O Brasil precisa, neste momento difícil, de mensagens de união?
É um momento muito delicado. A gente tinha uma presidência eleita pelo voto popular, por 84 milhões de pessoas, e a presidente foi enxotada do lugar dela por crimes que não cometeu. Até hoje não se conseguiu uma prova que a Dilma seja culpada de algum crime. Jogaram o nosso voto no lixo. Não sei o que pode acontecer depois de tirarem a Dilma deste jeito leviano. O que virá depois disto, uma vez que o voto não vale nada? Este é o momento que o Brasil está vivendo: o poste mijando no cachorro, a banana comendo o macaco.
Pensar no futuro é difícil?
Sim, porque não quero pensar num futuro com essas pessoas com ódio, pessoas burras, uma burrice sem precedente.
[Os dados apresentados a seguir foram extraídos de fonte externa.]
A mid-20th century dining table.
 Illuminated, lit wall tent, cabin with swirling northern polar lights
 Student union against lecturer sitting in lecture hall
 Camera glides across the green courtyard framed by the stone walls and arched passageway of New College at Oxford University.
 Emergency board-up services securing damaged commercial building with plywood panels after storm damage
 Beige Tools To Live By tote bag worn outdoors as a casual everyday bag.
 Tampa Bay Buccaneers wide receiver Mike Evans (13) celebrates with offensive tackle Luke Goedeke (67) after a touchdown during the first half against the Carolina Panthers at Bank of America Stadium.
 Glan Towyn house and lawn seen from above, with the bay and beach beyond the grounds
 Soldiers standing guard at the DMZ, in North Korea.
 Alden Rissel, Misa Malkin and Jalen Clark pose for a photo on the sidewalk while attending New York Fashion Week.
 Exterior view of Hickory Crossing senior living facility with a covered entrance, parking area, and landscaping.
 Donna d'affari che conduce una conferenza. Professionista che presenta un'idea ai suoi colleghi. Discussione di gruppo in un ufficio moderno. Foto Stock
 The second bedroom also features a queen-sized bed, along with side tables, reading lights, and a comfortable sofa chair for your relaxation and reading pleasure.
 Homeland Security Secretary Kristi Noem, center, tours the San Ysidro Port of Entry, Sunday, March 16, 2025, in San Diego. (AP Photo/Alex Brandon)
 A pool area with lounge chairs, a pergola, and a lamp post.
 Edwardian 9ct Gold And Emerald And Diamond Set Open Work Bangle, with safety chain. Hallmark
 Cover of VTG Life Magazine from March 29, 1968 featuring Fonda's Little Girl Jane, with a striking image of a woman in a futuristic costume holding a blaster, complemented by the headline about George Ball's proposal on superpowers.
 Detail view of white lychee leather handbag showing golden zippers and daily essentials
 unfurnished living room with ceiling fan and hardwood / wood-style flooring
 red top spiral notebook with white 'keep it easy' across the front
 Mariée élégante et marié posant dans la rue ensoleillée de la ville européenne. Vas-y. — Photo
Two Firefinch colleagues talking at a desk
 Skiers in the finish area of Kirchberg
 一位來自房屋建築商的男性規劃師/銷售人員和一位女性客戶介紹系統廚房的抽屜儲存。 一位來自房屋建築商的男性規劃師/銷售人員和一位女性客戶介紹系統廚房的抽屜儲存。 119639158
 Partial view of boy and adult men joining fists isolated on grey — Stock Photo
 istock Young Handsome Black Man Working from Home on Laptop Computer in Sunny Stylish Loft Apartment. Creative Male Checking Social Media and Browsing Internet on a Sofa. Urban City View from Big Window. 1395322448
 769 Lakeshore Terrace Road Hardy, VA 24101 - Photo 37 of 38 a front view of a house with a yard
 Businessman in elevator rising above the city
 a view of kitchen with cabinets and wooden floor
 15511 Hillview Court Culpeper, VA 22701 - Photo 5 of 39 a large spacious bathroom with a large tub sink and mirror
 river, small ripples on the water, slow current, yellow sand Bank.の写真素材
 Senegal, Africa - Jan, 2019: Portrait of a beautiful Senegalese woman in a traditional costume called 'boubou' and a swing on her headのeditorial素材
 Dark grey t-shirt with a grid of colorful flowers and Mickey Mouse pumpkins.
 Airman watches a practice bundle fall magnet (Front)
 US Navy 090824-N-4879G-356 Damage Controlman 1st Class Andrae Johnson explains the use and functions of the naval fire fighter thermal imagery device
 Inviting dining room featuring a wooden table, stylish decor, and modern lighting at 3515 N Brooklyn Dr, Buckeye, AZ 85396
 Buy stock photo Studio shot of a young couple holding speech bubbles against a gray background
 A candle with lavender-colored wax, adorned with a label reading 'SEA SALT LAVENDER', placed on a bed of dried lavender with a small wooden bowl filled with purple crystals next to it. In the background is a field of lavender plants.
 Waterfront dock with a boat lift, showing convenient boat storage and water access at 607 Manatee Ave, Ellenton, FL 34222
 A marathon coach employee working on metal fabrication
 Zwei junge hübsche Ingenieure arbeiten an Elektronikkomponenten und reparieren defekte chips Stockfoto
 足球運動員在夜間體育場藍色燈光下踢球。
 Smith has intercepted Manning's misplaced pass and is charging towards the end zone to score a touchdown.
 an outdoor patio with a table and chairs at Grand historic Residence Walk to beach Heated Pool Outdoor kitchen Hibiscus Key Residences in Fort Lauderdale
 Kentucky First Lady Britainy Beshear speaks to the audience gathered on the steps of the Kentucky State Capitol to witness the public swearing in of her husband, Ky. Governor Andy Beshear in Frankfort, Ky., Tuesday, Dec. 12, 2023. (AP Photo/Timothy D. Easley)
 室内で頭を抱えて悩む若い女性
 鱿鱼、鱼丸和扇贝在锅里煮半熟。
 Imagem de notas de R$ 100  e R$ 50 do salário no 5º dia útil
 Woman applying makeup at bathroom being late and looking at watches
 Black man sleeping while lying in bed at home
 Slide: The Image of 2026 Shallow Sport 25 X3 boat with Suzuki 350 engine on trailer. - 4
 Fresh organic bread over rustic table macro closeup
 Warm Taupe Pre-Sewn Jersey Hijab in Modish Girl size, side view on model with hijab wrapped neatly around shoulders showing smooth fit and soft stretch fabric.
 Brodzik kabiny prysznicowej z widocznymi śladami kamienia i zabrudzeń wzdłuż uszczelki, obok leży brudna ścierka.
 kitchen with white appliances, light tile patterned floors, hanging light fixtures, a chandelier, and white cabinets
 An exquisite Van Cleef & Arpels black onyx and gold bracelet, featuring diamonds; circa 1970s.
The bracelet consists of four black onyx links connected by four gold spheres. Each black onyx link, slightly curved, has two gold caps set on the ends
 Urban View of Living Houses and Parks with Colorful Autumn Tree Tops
Acho que nós, brasileiros, temos de nos focar no presente. Acredito que o Brasil só vai respirar com tranquilidade quando tivermos novas eleições.
Ainda sabe arranjar unhas?
Hoje em dia faço unhas por puro deleite. Mas fui manicure durante 25 anos. Comecei a trabalhar com 13 anos, aprendi com uma tia minha. Arranjar unhas ajudou-me muito porque nasci e cresci no subúrbio, meu pai era feirante e tinha de sustentar seis filhos. Nunca sobrou dinheiro na minha casa. Com o dinheiro das unhas pude comprar as minhas roupas, pude comprar discos e o meu primeiro aparelho de som, onde ouvia música o dia inteiro, pude pagar o curso de vestibular para ir para uma universidade estadual. O dinheiro das unhas me colocou no mundo. Entretanto tive outros empregos que tinham um ordenado melhor, mas ainda hoje faço as unhas das minhas amigas.
Disse que o primeiro dinheiro que ganhou serviu para comprar discos e um aparelho de som. A música fez sempre parte da sua vida?
Sempre. O meu pai tinha três discos: um do Candeia, um do Alberto Ribeiro e outro da Gal Costa. A minha mãe tinha todos os discos do Roberto Carlos e um disco do Chico [Buarque] que para mim é emblemático e foi a minha primeira paixão. Lembro-me de ter uns oito anos e estar apaixonada por ele na capa do disco “Construção”. Achava, e acho, ele a coisa mais linda do mundo! Quando comecei a ganhar dinheiro a primeira coisa que fiz foi comprar todos os discos do Chico que me apareceram. E também discos americanos, como Donna Summer e The Commodores. Foi aí que comecei a construir a minha cultura musical. A minha mãe brigava muito comigo porque eu ouvia música todo o dia.
Mas não ouvia samba?
Não. Mas entretanto fui morar com uma pessoa e saí da vila da Penha para ir morar para o Leblon. O meu companheiro tocava com um grupo que misturava pop com ritmos regionais, como o samba. Nessa altura reencontrei o disco que o meu pai tinha, do Candeia, e deu um estalo na minha cabeça. Pensei como é que antes não dava valor para aquilo. Comecei a consumir tudo o que havia de samba, tornei-me amiga de toda a velha guarda da Portela, comecei a pesquisar tudo o que podia sobre o samba.
Mas quando começou a fazer da música profissão?
Comecei a compor por volta dos 28 anos. Quando comecei achei que já era tarde para começar a cantar e a compor. Mas conheci o Argemiro Patrocínio, da Portela, com quem depois fiz três sambas, e ele começou a cantar com 70 anos. Aquilo me deu um ânimo muito grande. Sou muito agradecida ao samba, foi o samba que me levou ao mundo. Tenho vivido coisas maravilhosas, como na Bulgária, em fui a um jantar na embaixada e havia um show com uma menina cantando samba e bossa nova. Achei lindo e no final fui conversar com ela – ela não falava uma palavra em português! Tinha decorado as letras. Não há homenagem maior à língua portuguesa.